# Given information
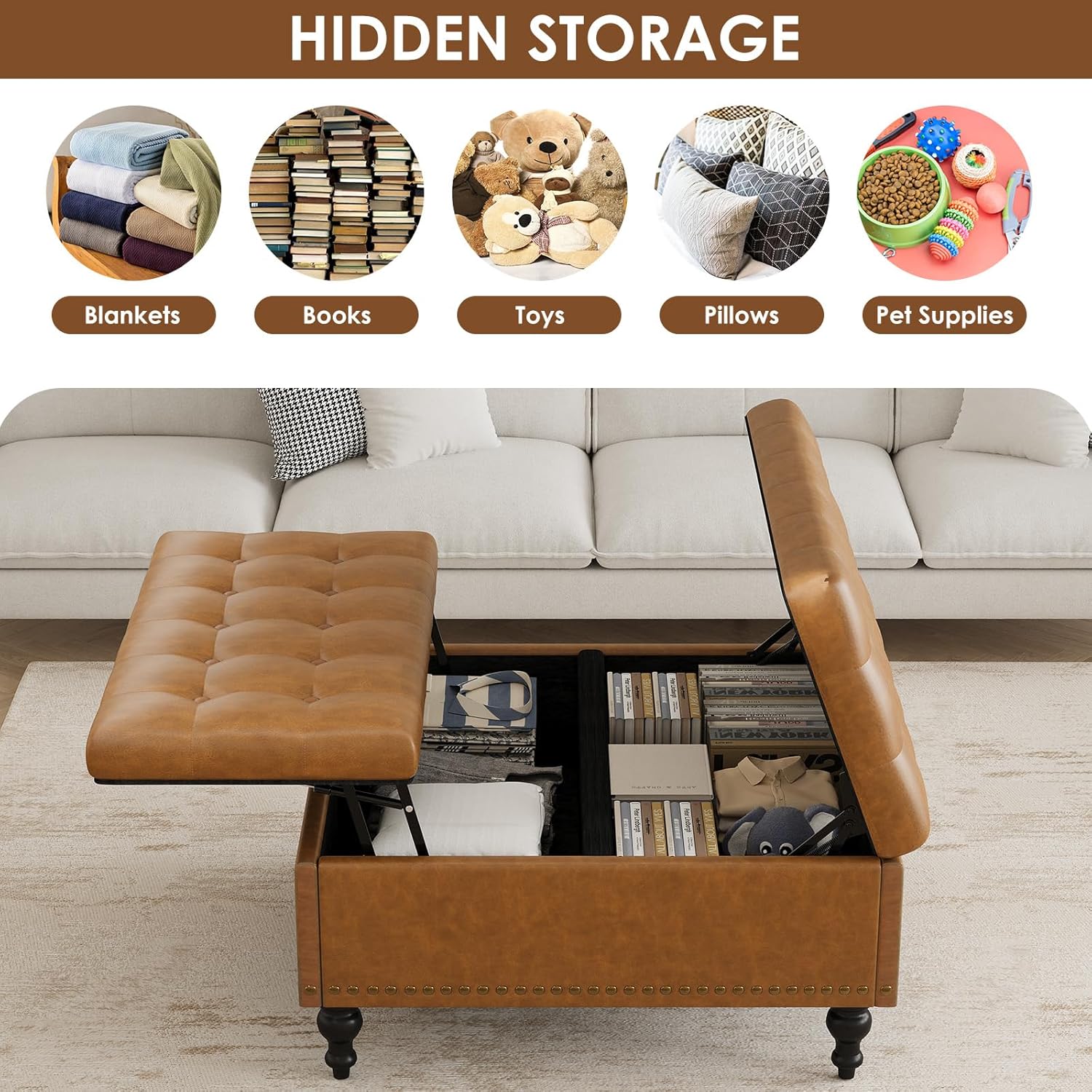 Square Leather Ottoman with Storage, Coffee Table Ottoman with Lift Top, Large Upholstered Footrest Storage, Brown
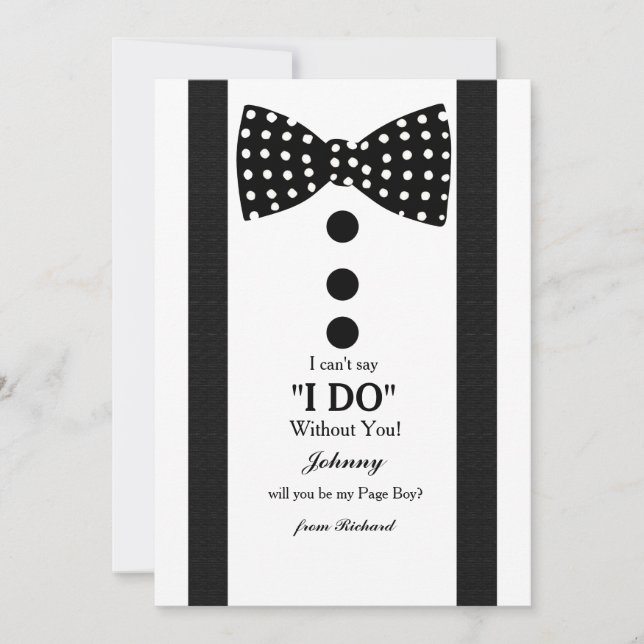 Cartão de Pedido de Pajem (Frente)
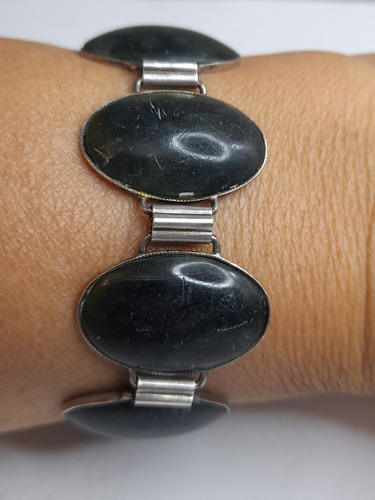 Pulsera De Plata Con Piedras De Jade Espinaca Vintage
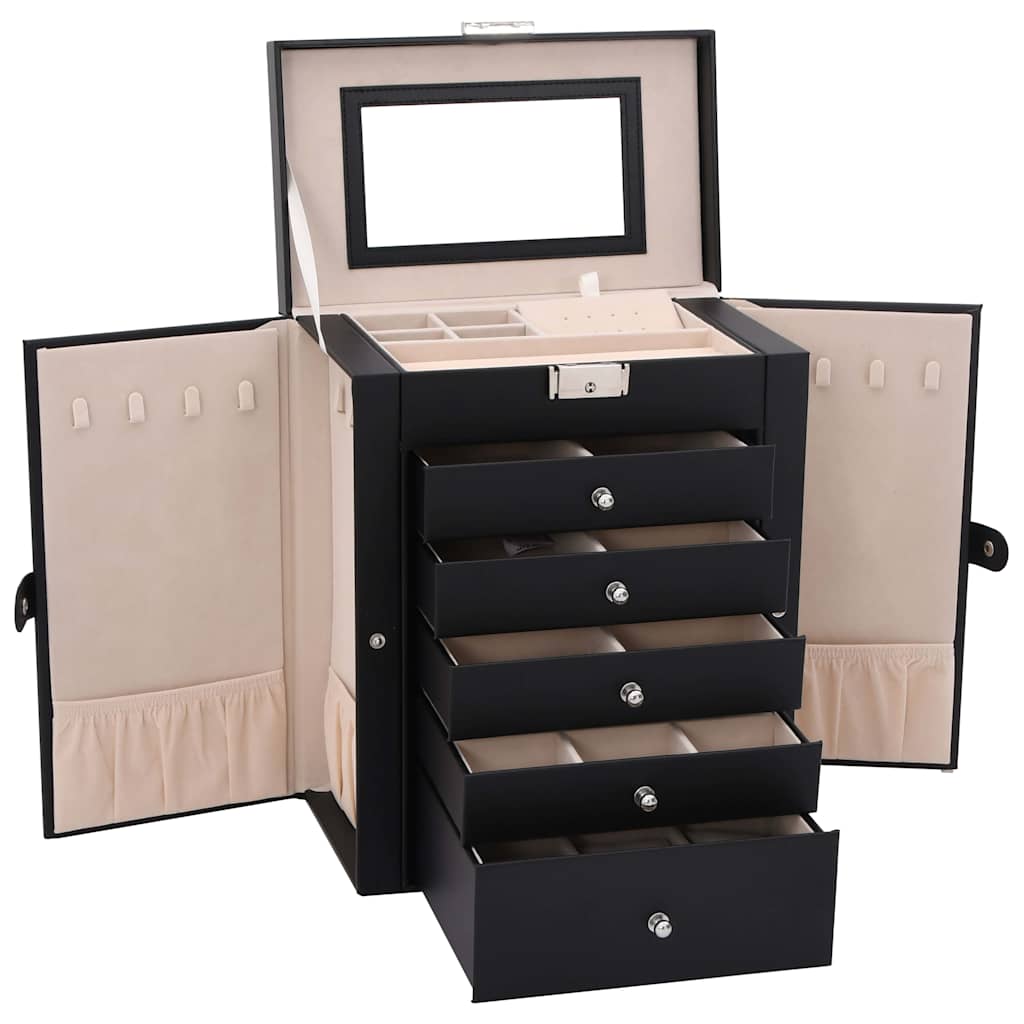 vidaXL Jewellery Box 6-Layer with Mirror Lockable Black 5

# What to work on
Each line of the data must be restated exactly, and the pictures must be left out.

# Answer to this task
 Square Leather Ottoman with Storage, Coffee Table Ottoman with Lift Top, Large Upholstered Footrest Storage, Brown
 Cartão de Pedido de Pajem (Frente)
 Pulsera De Plata Con Piedras De Jade Espinaca Vintage
 vidaXL Jewellery Box 6-Layer with Mirror Lockable Black 5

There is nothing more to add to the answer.